Daria's webpage from 2001 or so has the usual SF-alter ego, the usual stack of link buttons on the left, and the usual ranting we expect from her. The rant follows.
In cyberspace, you can be male or female, young or old, left-handed, right handed, or ambidextrous. (But be prepared for people getting the wrong idea about ambidextrous.) Freed from mundane physical reality, your virtual self can soar like an eagle through distant universes (or, if you still have dial-up, limp like a three-legged dog to the middle of the block).
Fueled by curiosity and free trial memberships, I left behind my mundane incarnation as a bespectacled suburban teenager to enter a digital miasma of ever-shifting identity where one can take on the role of wise druid, alien life form, or crabby old man ranting about the New World Order.
I was intrigued by the possibilities. For about five minutes. Then I realized that I had entered a world where people waste thousands of hours trading imaginary gold pieces and finding new ways to make faces out of punctuation marks.
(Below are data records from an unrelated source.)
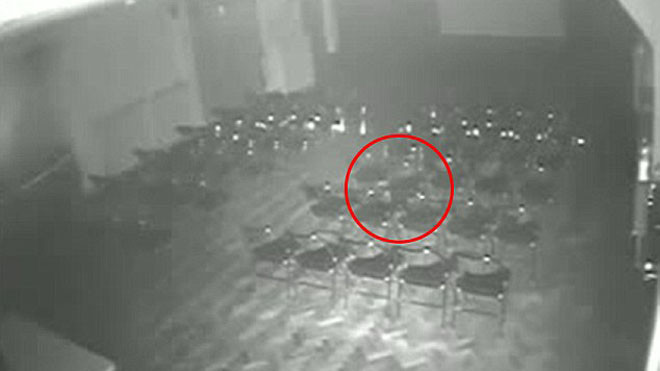 Lạ kỳ chiếc ghế tự di chuyển trong nhà hát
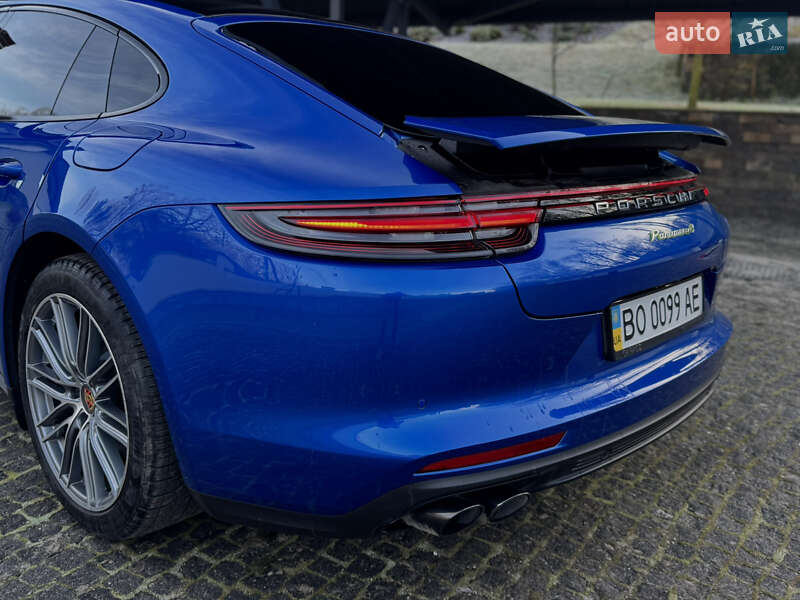Фастбек Porsche Panamera 2018 в Тернополі
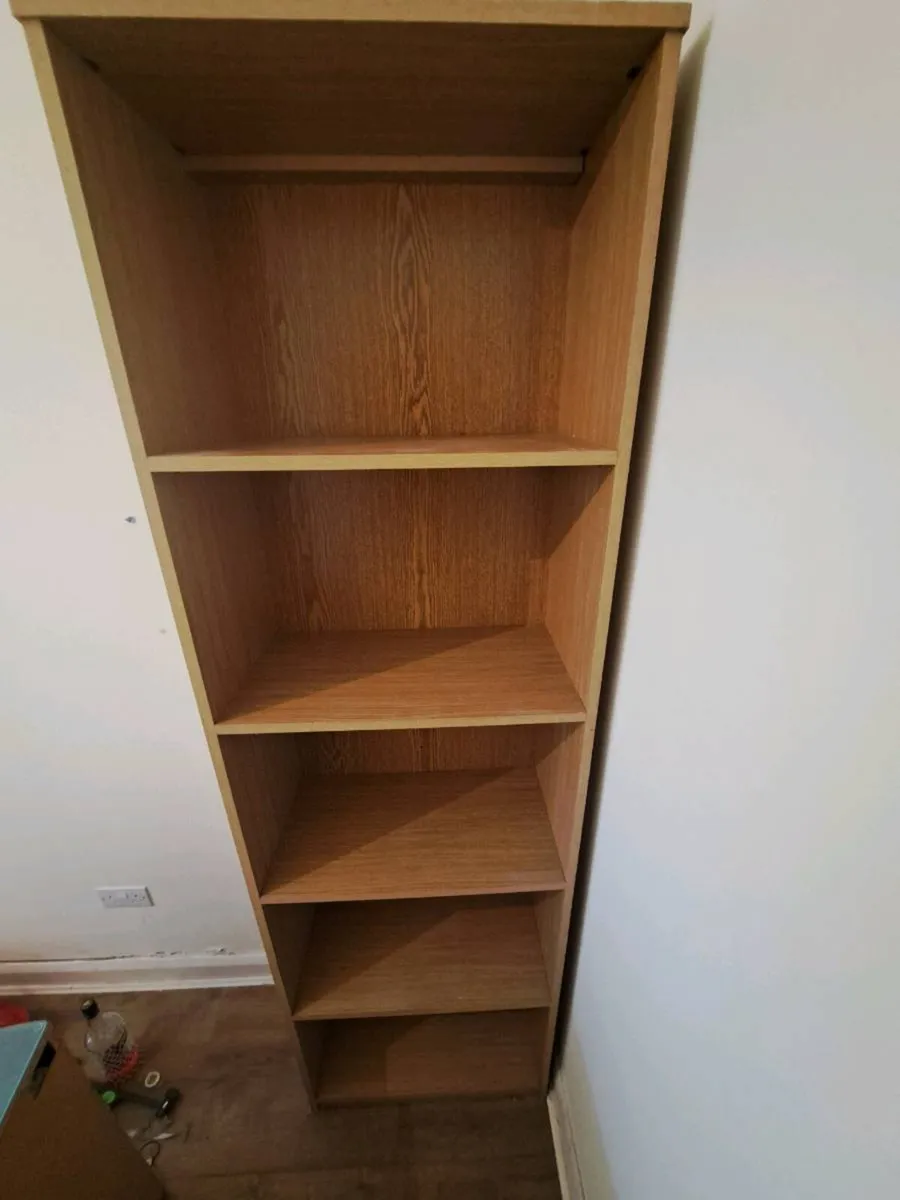 Bookshelves 2 x Oak finish Bookshelf - Image 3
What else did I discover? That people are willing to discuss their most intimate feelings with strangers they would cross the street to avoid in real life, and that an awful lot of guys choose to believe that a comely vixen's first choice in Saturday night entertainment is typing on a keyboard in hopes of meeting someone who can see past their looks.
Conclusion? Roleplayers are in danger of shutting out the real world entirely and retreating into a warped, subjective mental landscape. Cyberspace anonymity encourages antisocial, antagonistic behavior without the deterring fear of getting your ass whipped for real if you offend someone.
So maybe it's a good thing after all.